Wednesday, 10 December 2014

Fismoll - At Glade (2013)

About two years ago a friend sent me a song described "You must listen. The guy is Polish, two years younger than we are and he will break your heart". Guess what? He didn't. But he impressed me deeply and I was happy while returning to those few first covers and self-written songs.

In 2013 Fismoll released his first album. A nineteen-year-old, releasing a really nice independent music is not a common thing in Poland. I liked the album but being very much into totally different music at the time, I didn't even think of writing about it.

Quite recently though, I found out that Fismoll was coming to my-adopted-city and since for a long time I had longed to experience some live music, I decided to give it a go. And oh wow. Seeing him in my big, ugly city, mesmerizing a HUGE audience (seriously, the club in which Anathema usually plays and nearly as full!) I was once again shocked that such a talent can gain such recognition in less than two years of work. And he deserves more, hence these words.

Listening to Fismoll is like entering a really intimate world full of subtle feelings, experiences of beauty and little joys. It’s hearable on his debut At Glade, but even more during the concerts. There is purity, simplicity and honesty of Scandinavian culture in it. If you close your eyes, you can feel warm rays of sun on your skin, the pain of the shortness of cold summer. You hear a river slowly passing by and grass murmuring at glades, especially in Trifle and Time of Glimmers.

Some of the songs are also filled with playfullness and youthfulness, e.g. Let's Play Birds (the song by which I got to know him) and The Soldier from the upcoming second album. And what I really like about Fismoll is that by no chance you would say he's so young. Somehow he manages to escape the pathos-childishness of the lyrics (oh, how jealous is a nineteen-year-old-me-of-the-past), even though he sings a lot about lost love and the pain of a feeling being.

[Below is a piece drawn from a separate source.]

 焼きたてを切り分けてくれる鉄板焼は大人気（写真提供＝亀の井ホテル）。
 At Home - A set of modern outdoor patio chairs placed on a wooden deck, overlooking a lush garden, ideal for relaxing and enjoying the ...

But there is also Alcest’y dreaminess and hardly tamed streams of pain and joy. Well, if the Alcest was British in expressing its emotions. Well, if Alcest focused more on playing like in Sur l'océan couleur de fer. Well, listen to Look At This, anyway. Although to me, the most beautiful songs on the album are Flowering and Let Me Breathe Your Sigh, both using a similar melody and drowning in melancholy. Oh, I cried.

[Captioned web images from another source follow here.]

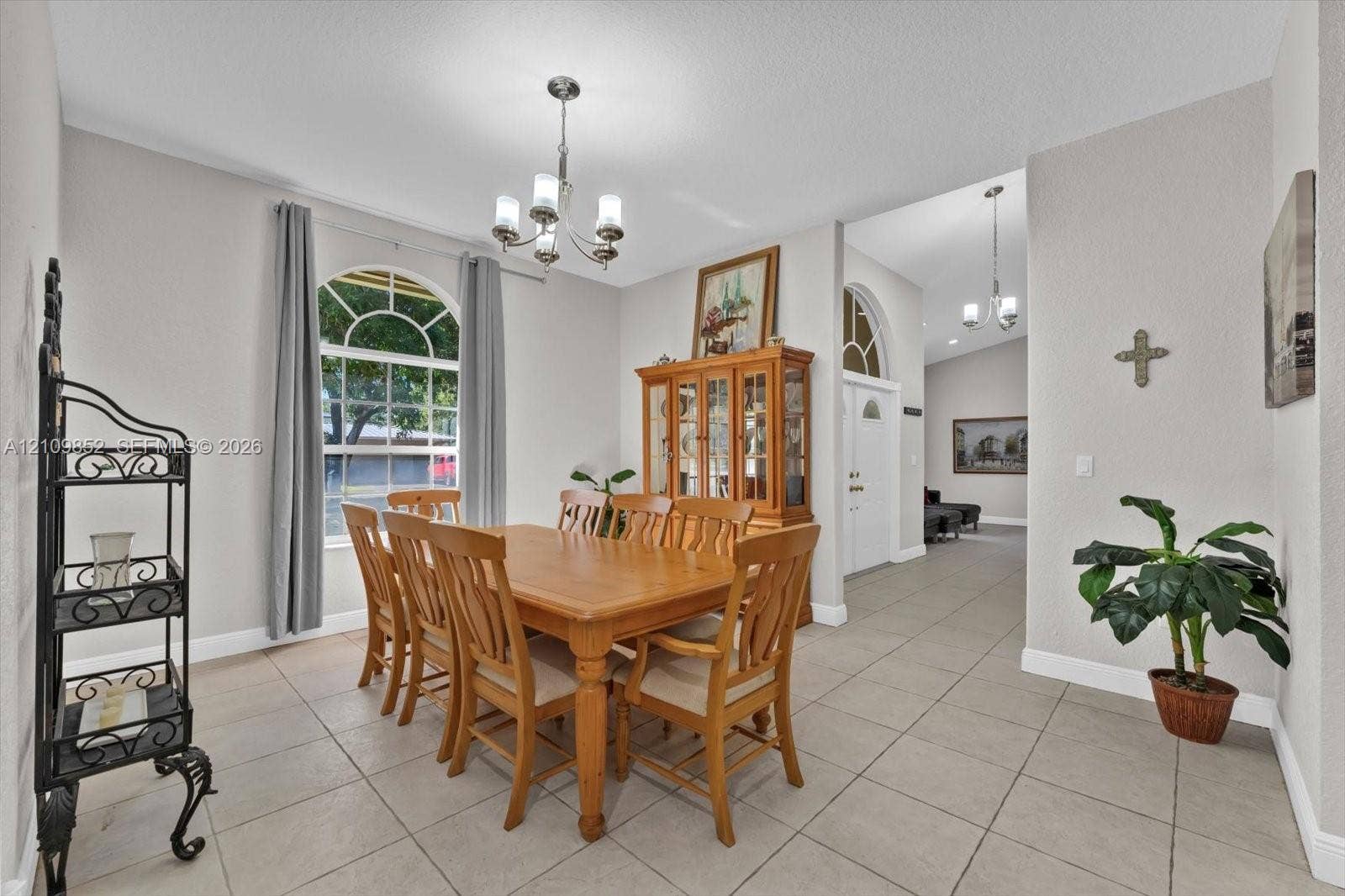 7901 SW 97th Street, Miami, FL 33156 Formal dining area with an arched window allowing for natural lighting to enter this space *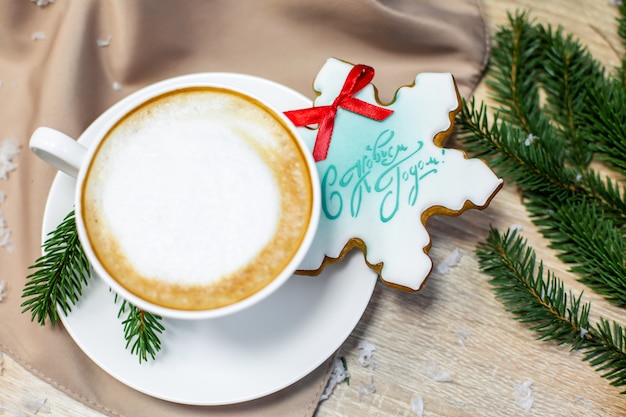 Cartão de natal e feliz ano novo com uma xícara de café, pinho, ramo de abeto e pão na mesa de madeira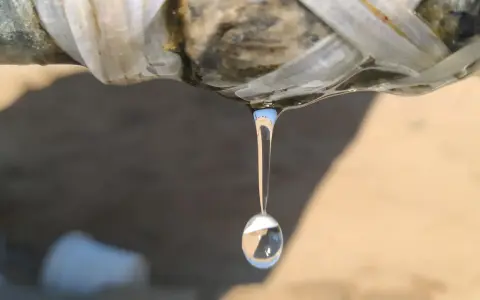 Gota de agua cayendo de una tubería rota, indicando la necesidad de reparar tubería.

And since it's December, grey and horrifingly Christmasy, it's good to stop being grumpy and start thinking. Nothing better to do this, than a big cup of cocoa and Fismoll's music.

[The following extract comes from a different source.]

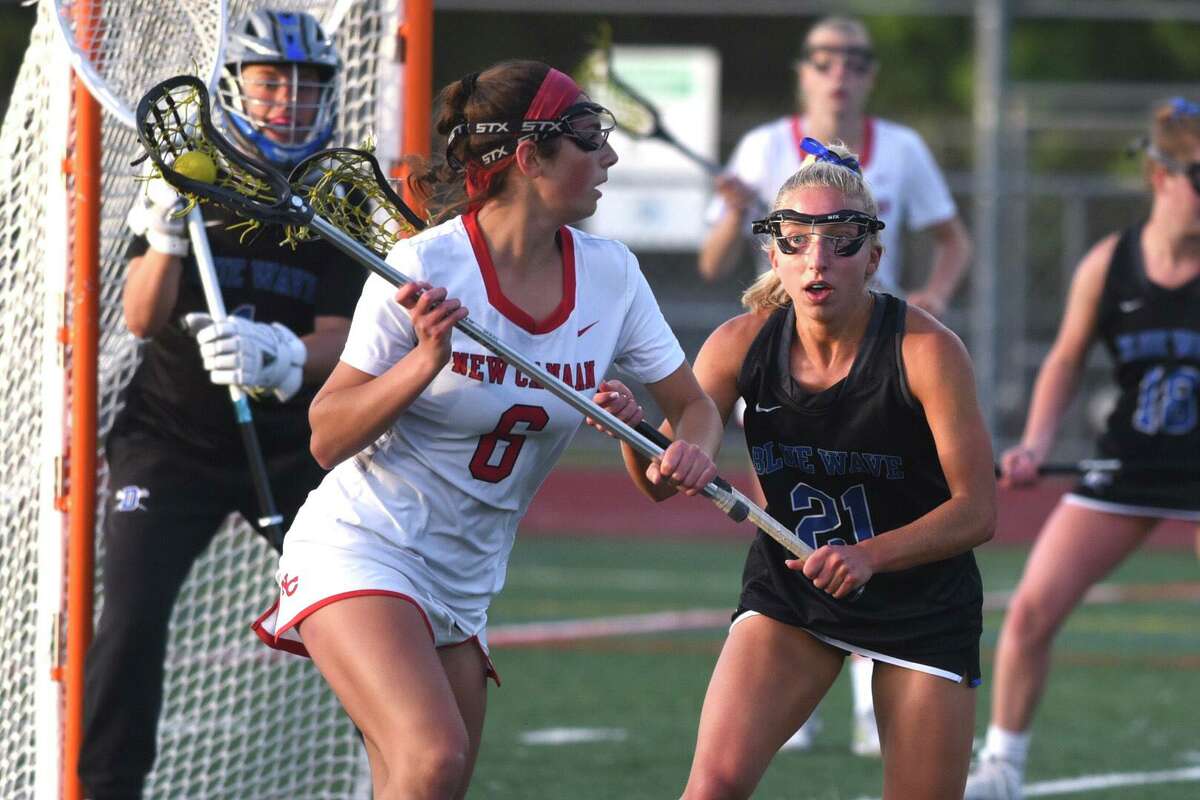 New Canaan’s Kaleigh Harden carries the ball while defended by Darien’s Kaci Benoit during the FCIAC girls lacrosse championship on Wednesday in Norwalk.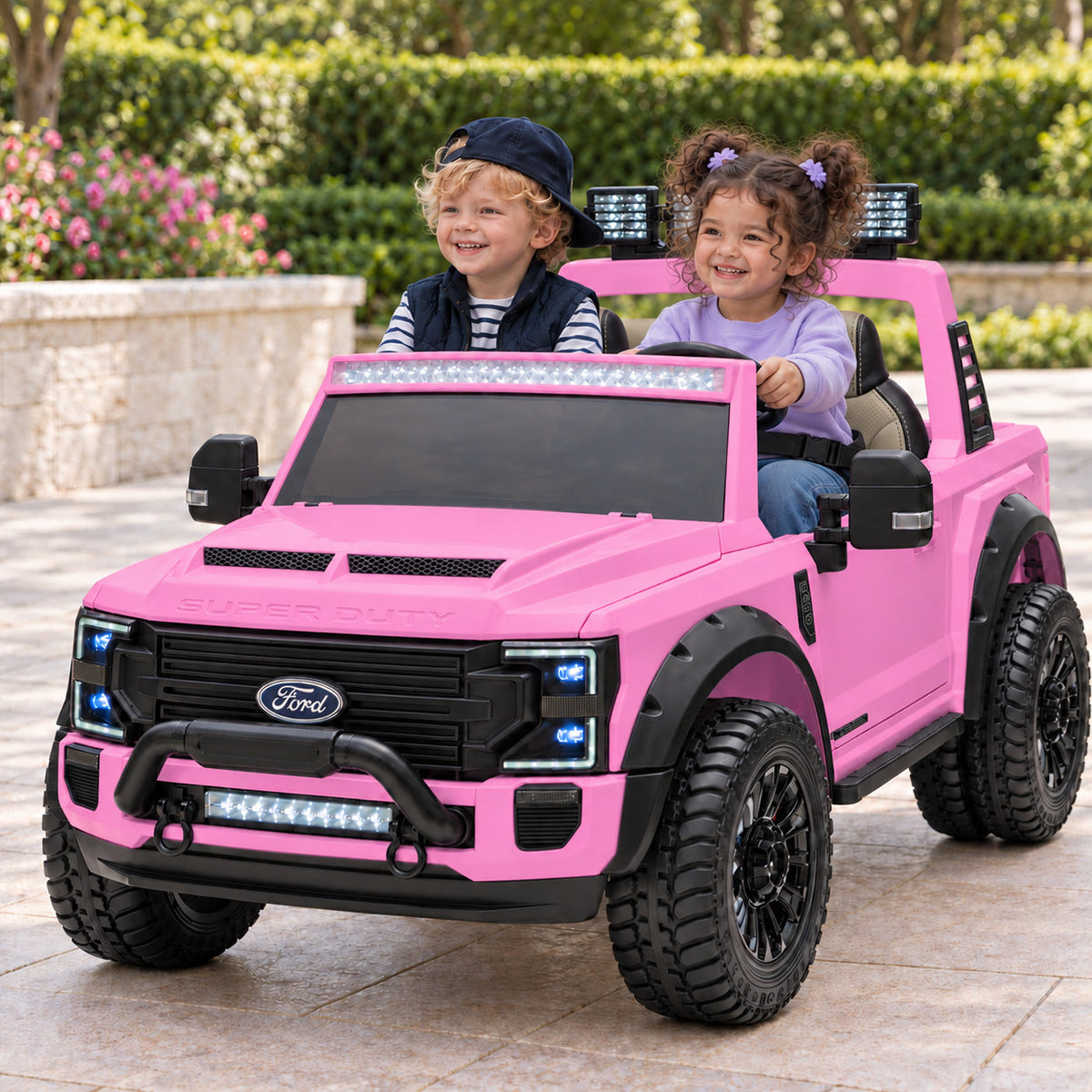 Pink Ford F450 Custom Edition 24V Kids Ride-On Truck, Two Seat Lifestyle Photo of Two Toddlers Driving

And once you’ve listened to Fismoll, be sure to check out his gifted younger sister. She supports him by playing cello, but also sings like an angel. And she recorded a few covers of her favourite songs, really delightfully. The music genes are strong in their family.

Monday, 22 September 2014

Emilíana Torrini - Unemployed In Summertime

I’m horribly late. Ever since the dreamy dark sixteen, I’ve been waiting for the magical time when I would be allowed to sing along ‘Unemployed In Summertime’ and REALLY mean it. Well guess what, it’s my 22nd birthday next week and the very first day of a real autumn weather here in Europe. 

Why is the age so important? In her song Emiliana praises the beauty of being unemployed 21-year-old in a summer. Well, to me 21 was neither jobless nor very summery, but the few cathartic days in mountains were enough to make me relate myself to this lovely song yet again. 

The second best thing about mountaineering is obviously lying on halls and meadows. And that is how this song feels. Tired, lazy, but blissfully calm. Combined with the simple, yet fresh melody in the background, the lyrics give an idyllic vision of this time, spent on lazy strolls, playful talks and time-killing without a bit of guilt.

Summer kisses, wandering about and the amazing confidence that being 21 you can yet do anything. You can straighten up the paths, fill them with good people and amazing experiences. And you still don’t have to obsess about things that don’t stick, you can put money last on list of important things, screw your make-up and simply enjoy little things. 

But hey, guess what, readers and older me. Even when you’re 22, 25, 30 or 40. These things above, Emiliana’s summer, they should be your summer and winter. Your every day’s recipe to be happy. So off you wander!

*The song comes from the wonderful album: Love in the Time of Science.


Damn, has it really been 22 months? Ever since I met the mad physician with a mysterious… well, ever since I started working intensely and travelling a lot, it’s been getting harder and harder to discover and share awesome music. But don’t think I stopped doing either. Not for a day. Still, after 2 years of intense native language writing skills’ training, I yearn for giving out a few cries in English. I hopefully say: Expect more regular stuff now.